DTPS took over Broadband Infraco, the post office, the State Information Technology Agency (SITA) and broadcasting signal distributor Sentech. Shortly after the split ICASA was transferred from DoC to DTPS. SITA, the government’s IT procurement agency, has traditionally been seen as one of the most corrupt and inefficient state-owned entities in the country; however, the appointment of a new CEO in 2013 to lead the agency’s turnaround is promising.

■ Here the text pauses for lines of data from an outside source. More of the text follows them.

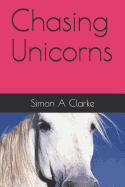 Chasing Unicorns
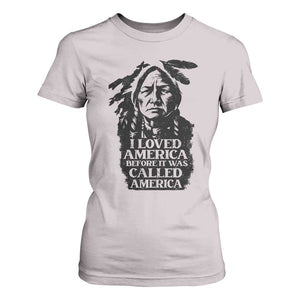 Sitting Bull T Shirt For Women I Loved America Before It Was Called America Native American Chief TS11 Ice Gray Print Your Wear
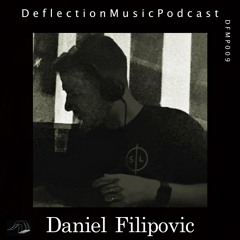 Deflection Music Podcast #009 Daniel Filipovic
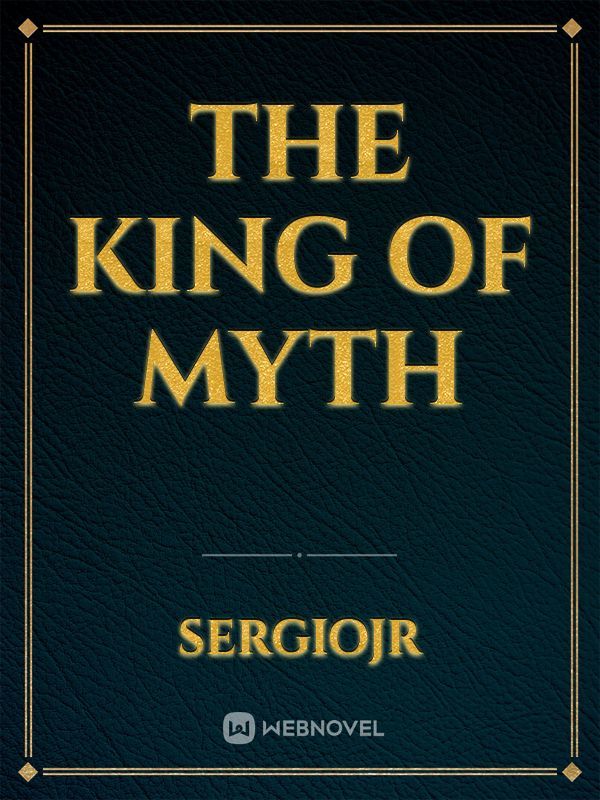 The King of Myth
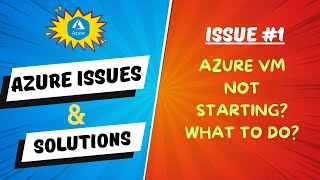 Azure Vm Not Starting Troubleshooting Azure Issues Step By Step Solutions For Common Problems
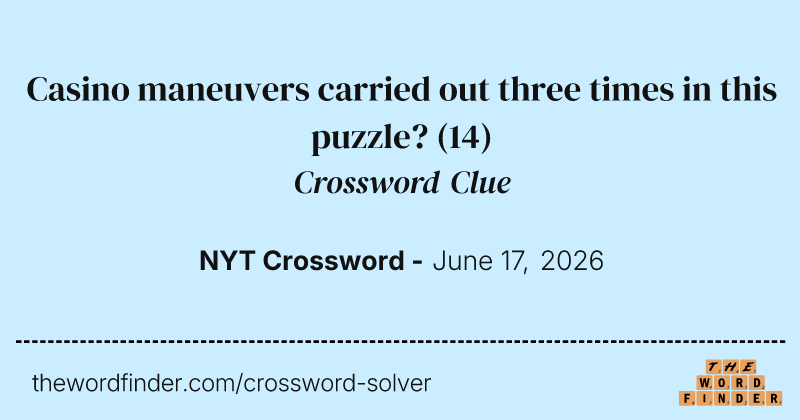 Casino maneuvers carried out three times in this puzzle? crossword clue image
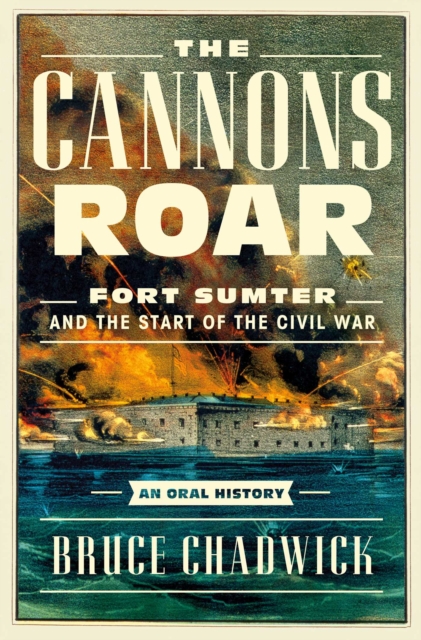 The Cannons Roar : Fort Sumter and the Start of the Civil War-An Oral History, Hardback Book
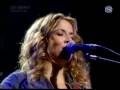 Sheryl Crow - If It Makes You Happy - live ...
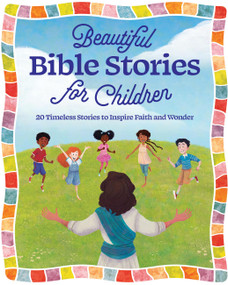 Beautiful Bible Stories for Children (20 Timeless Stories to Inspire Faith and Wonder) by Editors of Chartwell Books, 9780785849339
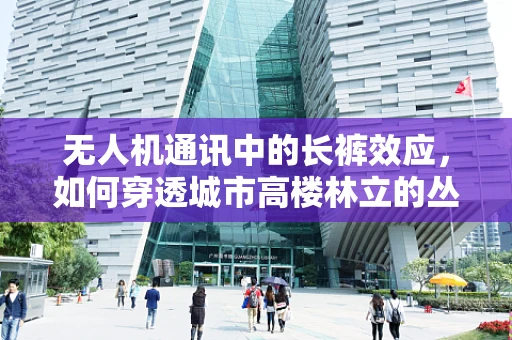 无人机通讯中的长裤效应，如何穿透城市高楼林立的丛林？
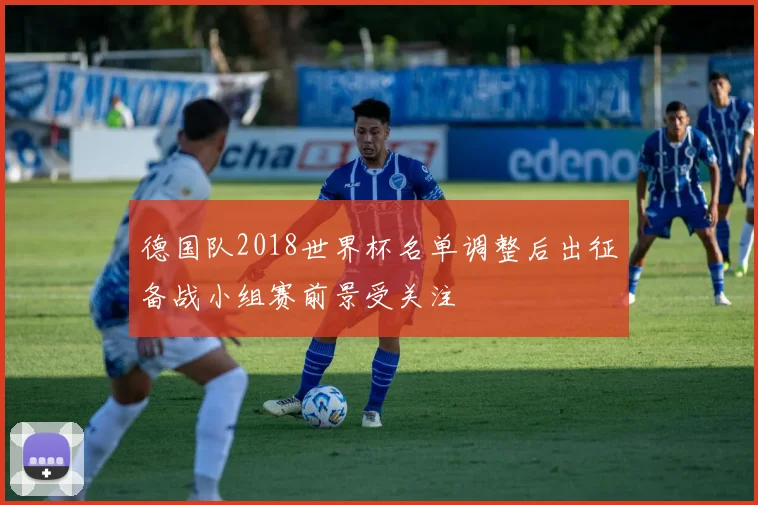 德国队2018世界杯名单调整后出征备战小组赛前景受关注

Two significant policy papers over the last year have provided clearer frameworks for ICT development over the medium term. In December 2013, the government set out the country’s broadband policy, setting ambitious targets for broadband cost and speeds. In January 2014, an ICT green paper provided the first sector policy overview in more than 15 years. Another step in the consultation process, the paper was published for public comment, with public hearings and the publishing of a white paper to follow.

Broadband Policy

The national broadband policy, dubbed South Africa Connect, was approved and gazetted in December 2013. Arthur Goldstuck, managing director of World Wide Worx, told OBG that, while “three previous iterations of the policy were meaningless”, the current version is “a good start”.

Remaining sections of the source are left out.